All healthcare providers have to answer questions in relation to the quality of healthcare they provide. They also need to give a detailed statement about the quality of each of the services they provide.
Indicators of quality
NHS and foundation trusts are required to report on a prescribed set of quality indicators in their Quality Accounts. The Health and Social Care Inforamtion Centre (HSCIC) Indicator Portal provides the latest data reported for each of the indicators. As trusts will be using the same data sources, they can easily be compared with each other. Trusts are asked to report the result for each quality indicator by following a prescribed statement, including what actions they have taken, or will take, to improve the results and therefore the quality of care they provide.
There are 15 quality indicators, however trusts will only have to report on the ones that are relevant to the services they provide. For example, an ambulance trust will include different indicators to those of a mental health trust as they provide different services.
Review of services
Find information about how many services a healthcare provider looked at in the last financial year. In order to measure the quality of a healthcare service, providers should review all relevant data available to them.
Deciding on areas for improvement
Organisations must decide on at least three areas where they are planning to improve the quality of their services. Organisations should also provide details about how they prioritise improvements and why and how they are planning to report back on progress to their patients and the public. Patients’ views should be taken into account when organisations decide on the priorities for improvement.
Taking part in national, local and clinical audits
A clinical audit is the process by which the quality of care and services provided are measured against agreed standards. Where services do not meet the agreed standard, the audit provides a framework where suggestions for improvements can be made. A third party conducts national audits. Participating in these audits gives organisations the opportunity to compare their results with other organisations. Local audits are conducted by the organisation itself. Here they evaluate aspects of care that the healthcare professionals themselves have selected as being important to their team. The statements on clinical audit demonstrate the healthcare provider is concerned with monitoring the quality of their services and improving the healthcare provided.
Taking part in clinical research
Clinical research is a central part of the NHS, as it is through research that the NHS is able to offer new treatments and improve people’s health.
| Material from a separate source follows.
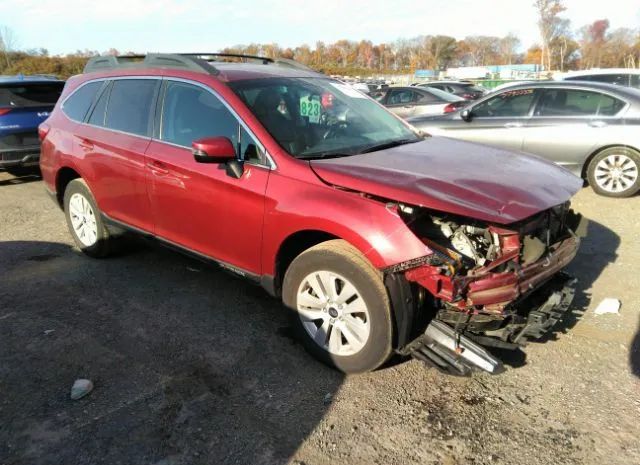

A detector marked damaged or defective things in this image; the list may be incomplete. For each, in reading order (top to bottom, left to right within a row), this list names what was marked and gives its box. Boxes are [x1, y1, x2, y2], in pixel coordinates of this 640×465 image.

damaged red suv [37, 53, 584, 374]
crushed front end [388, 201, 588, 376] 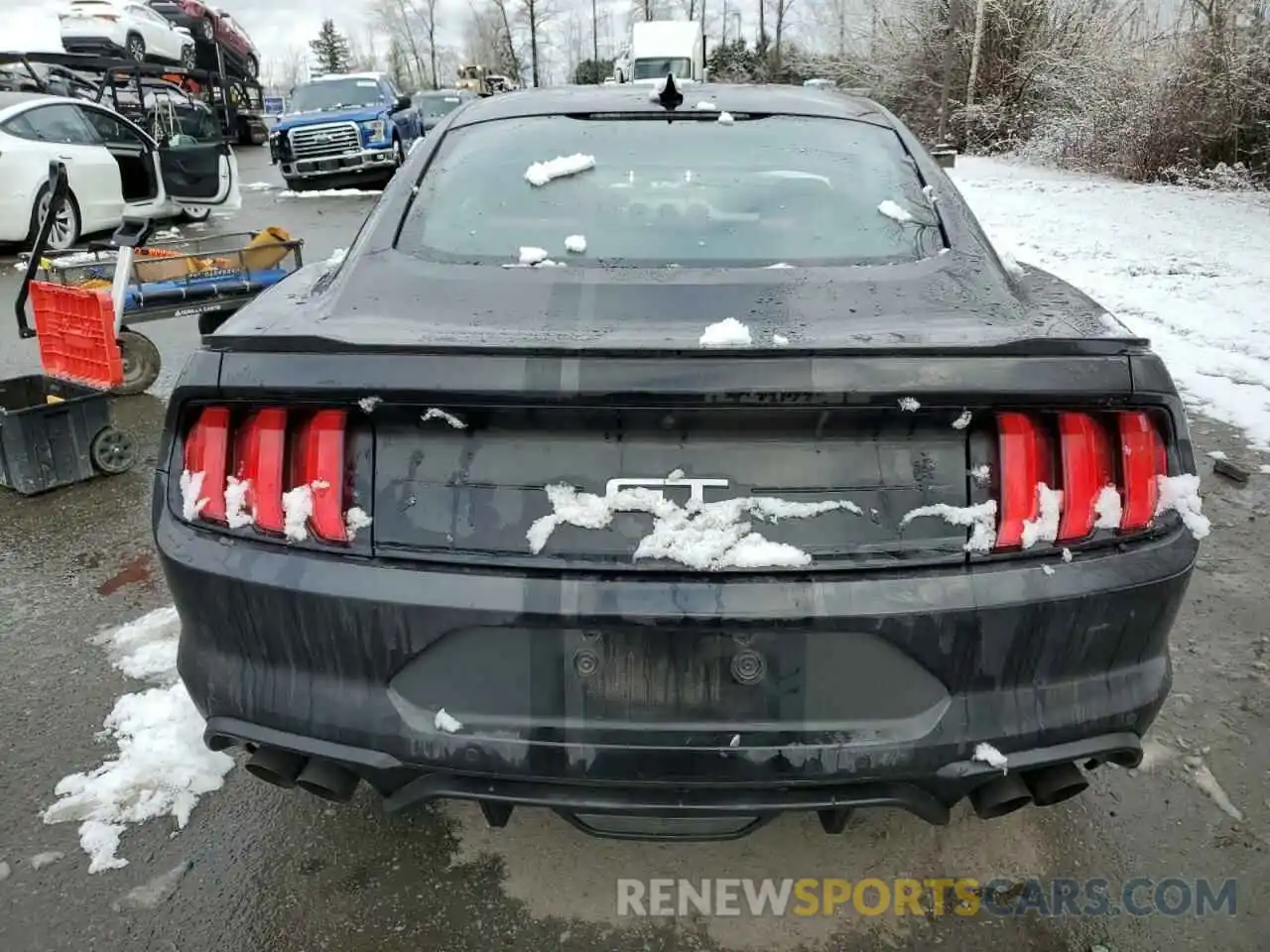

Organisations that take part in clinical research are actively working to improve the drugs and treatments offered to their patients. This statement shows the number of patients who were recruited to take part in clinical research and being treated by the healthcare provider. Participation in clinical research gives patients access to the latest drugs and treatments in development.
What the Care Quality Commission (CQC) says about us
The CQC is responsible for ensuring health and social care services meet essential standards of quality and safety. Healthcare providers must register their service with the CQC or they will not be allowed to operate. Providers must give two statements to the CQC, these are described below.
The first statement gives information on a provider’s registration status. Organisations are either registered without any conditions, registered with conditions, or not registered. The CQC can apply specific conditions in response to serious risks that it finds. For example, it can demand a ward or service is closed until the provider meets safety requirements, or that it is suspended or taken off the register if absolutely necessary.
The CQC also encourages improvements to healthcare services by making information about the quality of a provider’s care available to the public and by carrying out reviews and investigations about particular types of care.
The second statement provides information on what reviews and/or investigations the provider has taken part in and what the CQC said about the provider.
Accuracy of our data
Organisations need to collect accurate data so they can define the quality of the services they provide. The statements in the data accuracy section are designed to give an indication of the quality and accuracy of the information an organisation collects.
The first statement provides information on the number of patient records held by an organisation, including a patient’s NHS number and the General Medical Practice Code for a patient’s GP practice. It is important that a patient’s NHS number is recorded in their notes to ensure they are correctly identified at all times and receive appropriate treatment. It is also important that the General Medical Practice Code is recorded so that information about the patient’s health and any hospital treatment received is sent back to their GP, who should be able to treat the patient appropriately.
The second statement shows the score that a provider achieved after a self-assessment. Organisations use the Information Governance Toolkit provided by NHS Digital to assist in measuring the quality of the IT data systems, standards and processes used in the organisation to collect data.
The third statement provides information on the number of errors introduced into a patient’s notes. This may occur when a clinical coder translates the written information provided by a clinician regarding a patient’s diagnosis and treatment into standard codes. These codes are nationally and internationally recognised and are used by healthcare professionals and researchers to check on the outcomes of a patient’s diagnosis and treatment and compare it to other patients and organisations in other parts of the country and abroad.